A similar proposal has just been introduced in Congress by Republican Representative Carlos Curbelo.  The carbon fee is US$24/metric ton of carbon dioxide emitted, increasing with time.  The difference is that this proposal is not revenue-neutral, but uses the proceeds for highway construction, climate research and support to low income households.
 
The social psychology results described above are likely not outliers in public attitudes on climate change.  The Yale Program on Climate Change Communication (working with George Mason University‘s  Center for Climate Change Communication, and other research organizations) has been surveying American public opinion on this subject for many years.  In a report on May 8, 2018 they found:

·        “Most registered voters (73%) think global warming is happening, including 95% of liberal Democrats, 88% of moderate/conservative Democrats and 68% of liberal/moderate Republicans, but only 40% of conservative Republicans.
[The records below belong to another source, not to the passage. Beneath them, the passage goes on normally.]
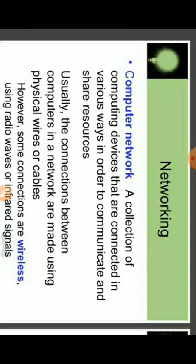If you are connecting two devices, it is not compulsory that you connect two computers only. You can connect two computers to a printer to share resources. So you can connect two computers to one printer — that is also an example of networking.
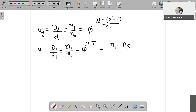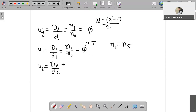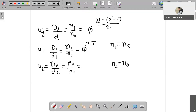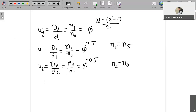For the second pulley combination, u2 = D2 / d2 = n2 / n0. Here n2 represents n6 in the speed chart. Substituting j = 2 and z' = 4 into the equation gives phi to the power of minus 0.5. The negative value again indicates a speed reduction from n0.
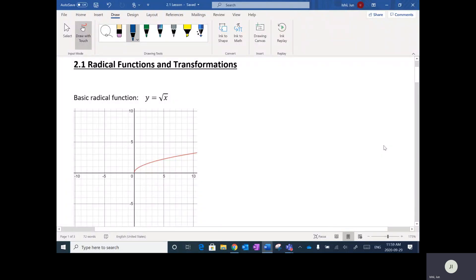Alright, so the next unit, as I've alluded to before, is about transformations again, but this time we're going to be applying them to specific functions with equations. Basically what we're doing is implementing the transformations to equations of functions.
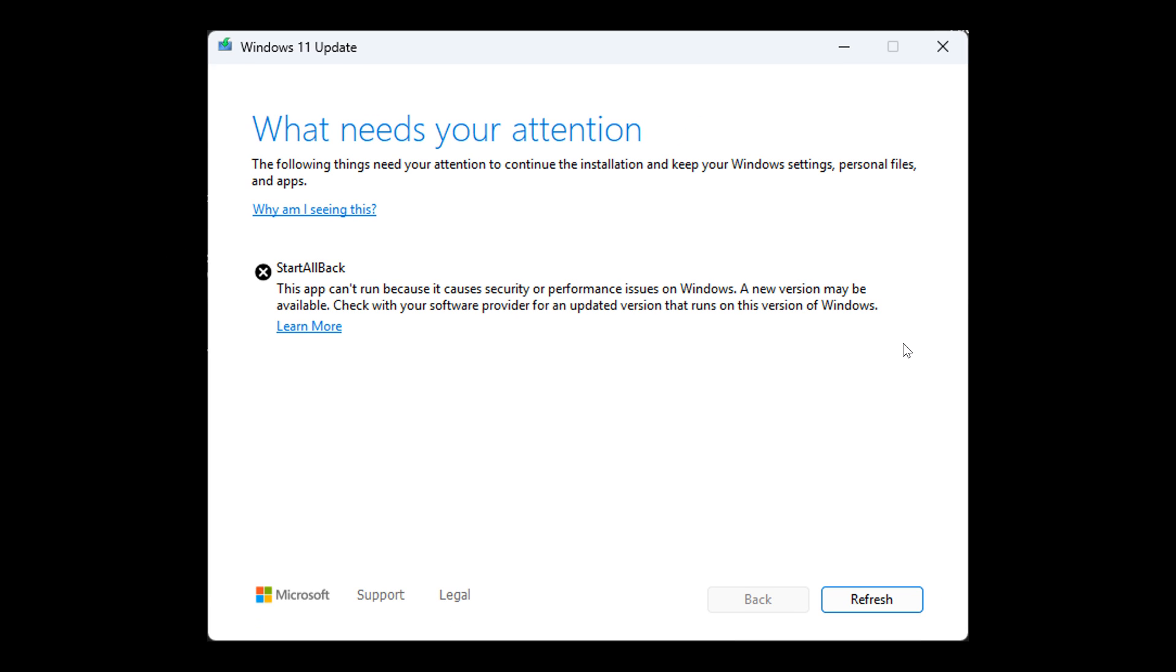If you are affected by this issue where Start All Back is preventing you from upgrading to a newer Windows 11 build, there is a workaround posted on X by a user called Matt, the Retro Geek.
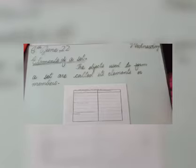Good morning students, how are you all? Today we'll start our remedy pack of maths, page number one, question number two. Our topic is elements of a set. The objects used to form a set are called its elements or members.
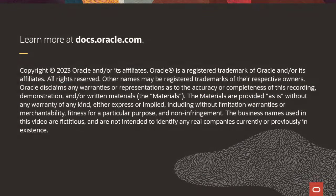To learn more, visit docs.oracle.com. Thank you so much.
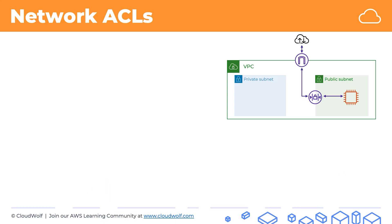So in this case if the internet is trying to access our EC2 instance or vice versa, the network ACL will check that traffic and make sure it's allowed. And we can see here on the image we've got our internet gateway at the top.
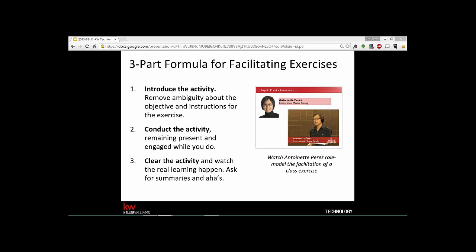So you've got your lesson plan, you've laid out the objectives and expectations, and you've introduced yourself. Now, the most important part of any training class is not your lecture — it's the exercises. That's where students get their hands dirty and start working on their business. There are three steps to facilitating exercises: the first is introducing it — making sure you introduce it clearly so there's no question about what the activity will entail and how it will work.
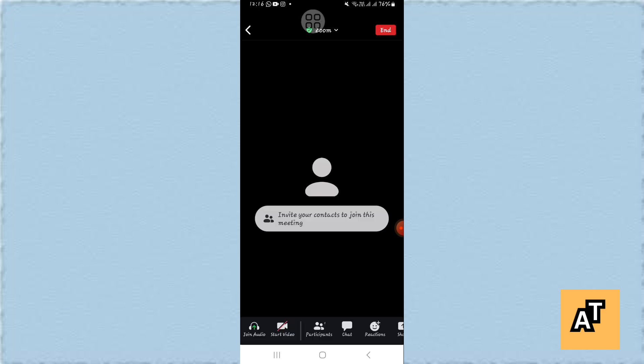And then after it is connected, you can start your meeting. In your meeting, you have to tap on participants and in participants you will find the list of all your members who are attending this meeting.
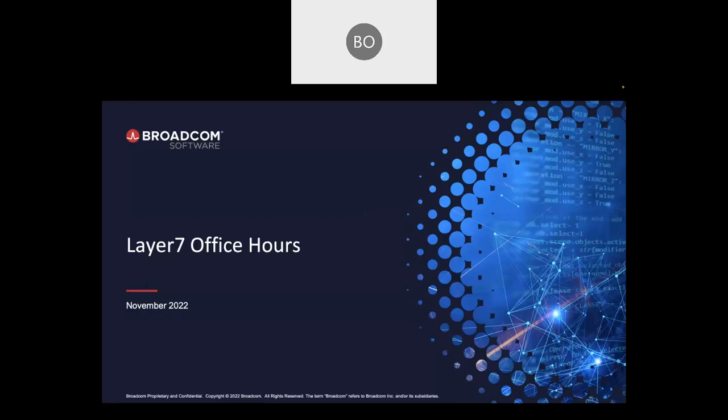Good morning and good afternoon everyone. Welcome to November's Layer 7 office hours. We appreciate you showing up. I'm going to turn this over to Gary in just one second, but this session is being recorded and will be available later on today or early tomorrow morning up on our community website. And with that in mind, Gary, take it away.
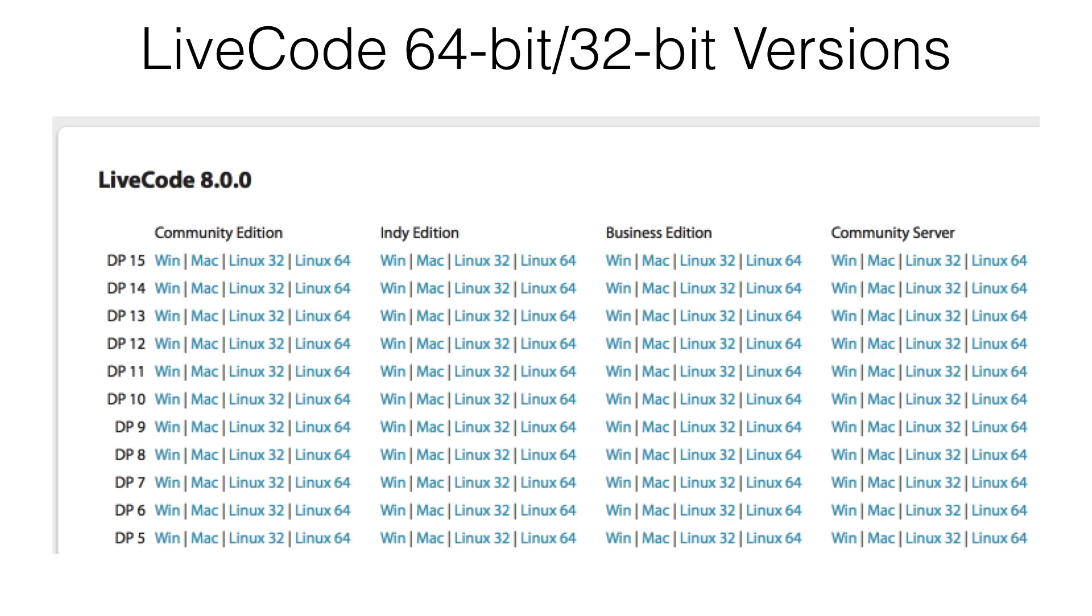64-bit LiveCode app deployment is available for server, iOS, macOS 10, and Linux.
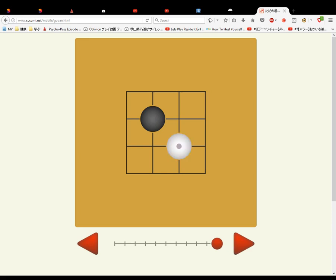If white goes here, white has one, two, three, and black has one, two, three. And then they are fighting for the rest.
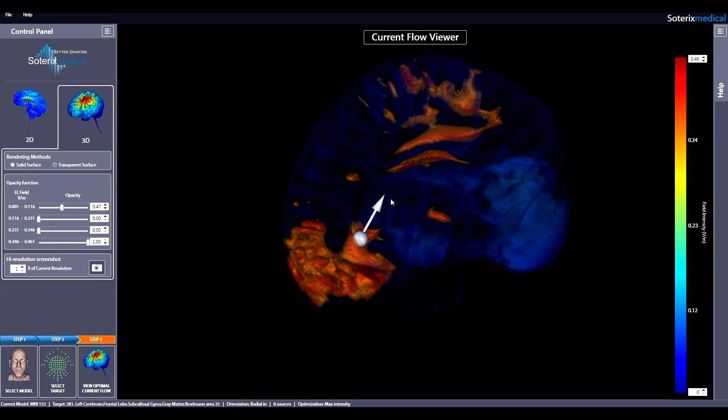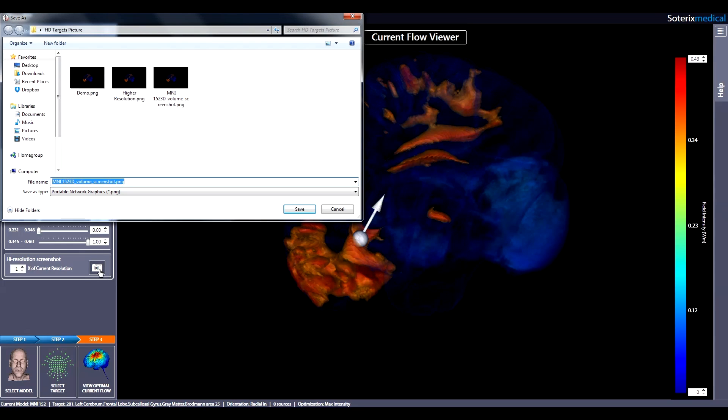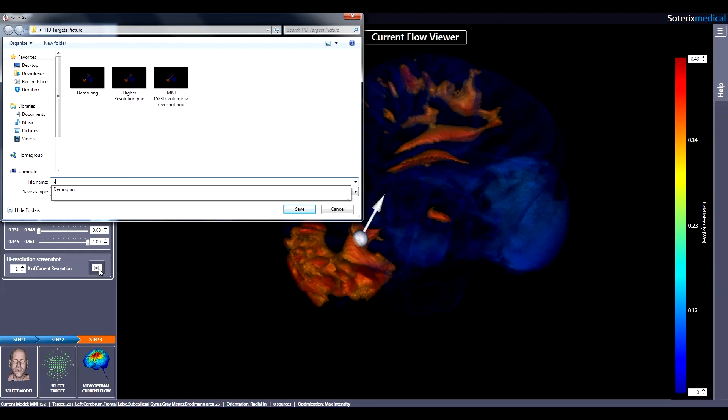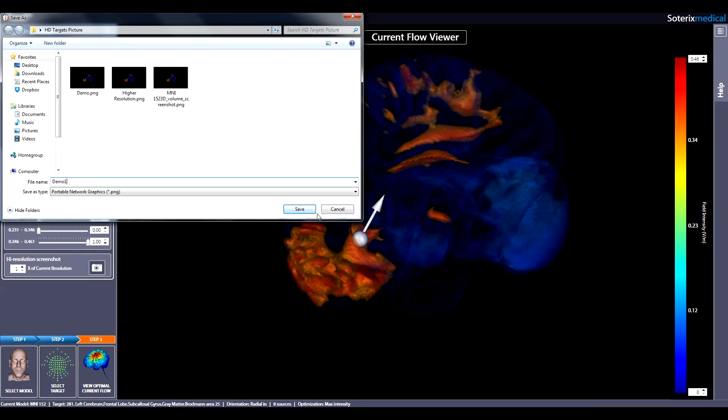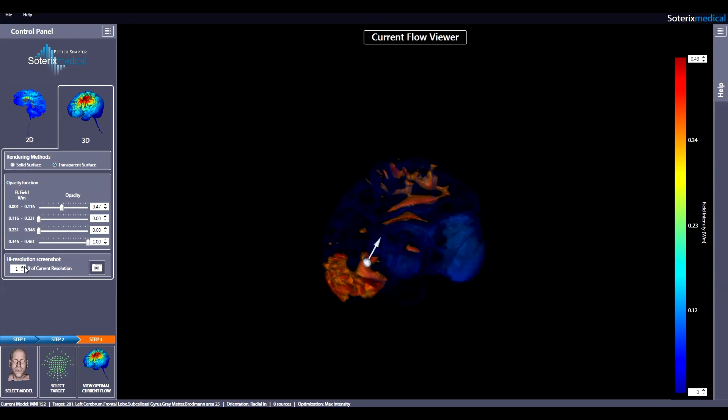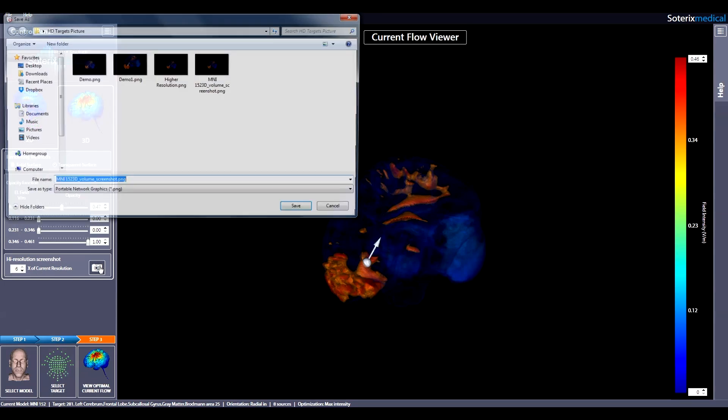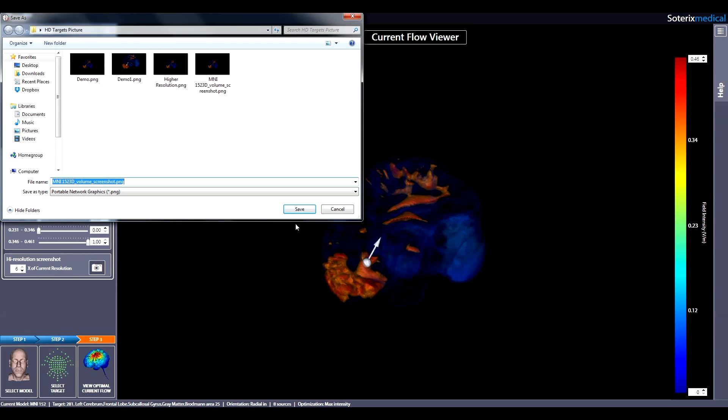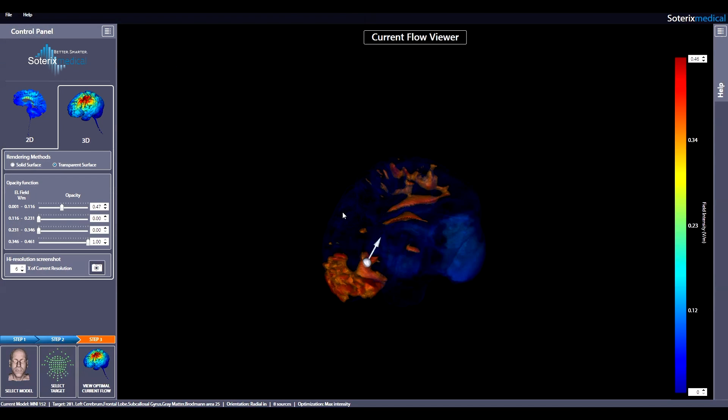If at any point you want to save what you are viewing, click on the camera icon and save your image. If you want a higher resolution image, you can increase the resolution up to 6 before saving the image. If you want to explore optimization for different targets, just repeat these steps.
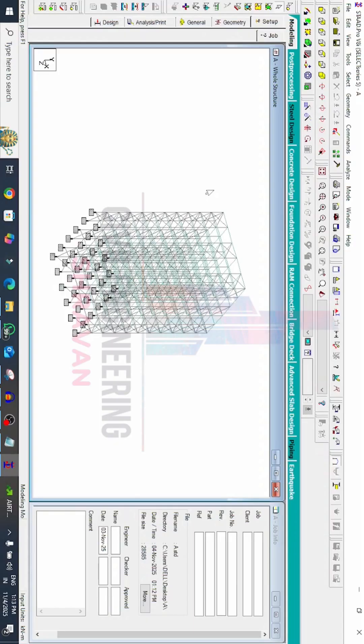Hello everyone, welcome back to day two of STAAD Pro tricks and tips videos. In this class, I will explain how to save this model in text format. So now we can see this is my model.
·        A majority of registered voters (59%) think global warming is caused mostly by human activities, including 84% of liberal Democrats, 70% of moderate/conservative Democrats, and 55% of liberal/moderate Republicans…, but only 26% of conservative Republicans.

·        A majority of registered voters (63%) are worried about global warming, including 88% of liberal Democrats, 76% of moderate/conservative Democrats, and 58% of liberal/moderate Republicans, but only 30% of conservative Republicans.”

·        Most registered voters support policies that would reduce use of fossil fuels and promote investing in renewable energy to replace the lost conventional energy.

Conclusion
 
Tribalistic outlooks separating Republicans and Democrats concerning global warming and its effects may be resolving, in favor of collective action to address the issue.  It is indeed critical to embark on meaningful policies at the federal level as soon as possible, in order to minimize the continuing rise in the global average temperature.  Popular attitudes and Congressional approaches are coalescing to promote political action.